Reproduce each line below precisely. Drop the pictures.

***** SUPPLIED DATA

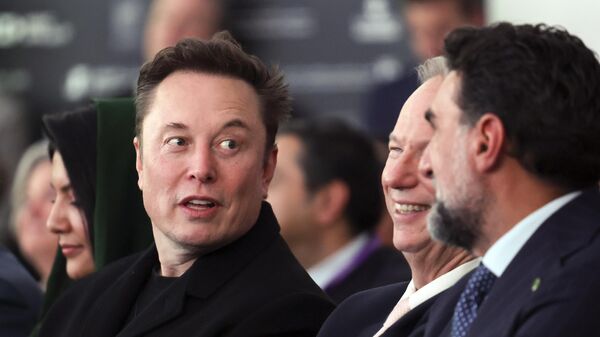 Elon Musk arrives before President Donald Trump speaks at the Future Investment Initiative (FII) Institute summit in Miami Beach, Fla., Wednesday, Feb. 19, 2025.  - Sputnik Africa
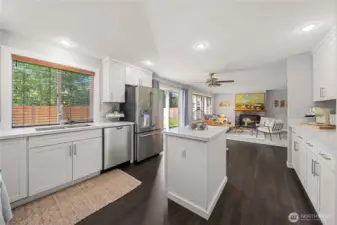 Fully remodeled kitchen with quartz countertops and stainless appliances.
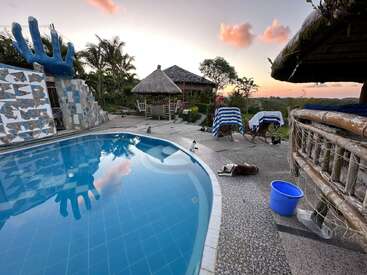 Uma cena tranquila à beira da piscina ao pôr do sol, com espreguiçadeiras com toalhas listradas, uma escultura de mão única, cabanas tiki, palmeiras, um balde azul e cachorros relaxando.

**********

RESPONSE TO THIS TASK:
 Elon Musk arrives before President Donald Trump speaks at the Future Investment Initiative (FII) Institute summit in Miami Beach, Fla., Wednesday, Feb. 19, 2025.  - Sputnik Africa
 Fully remodeled kitchen with quartz countertops and stainless appliances.
 Uma cena tranquila à beira da piscina ao pôr do sol, com espreguiçadeiras com toalhas listradas, uma escultura de mão única, cabanas tiki, palmeiras, um balde azul e cachorros relaxando.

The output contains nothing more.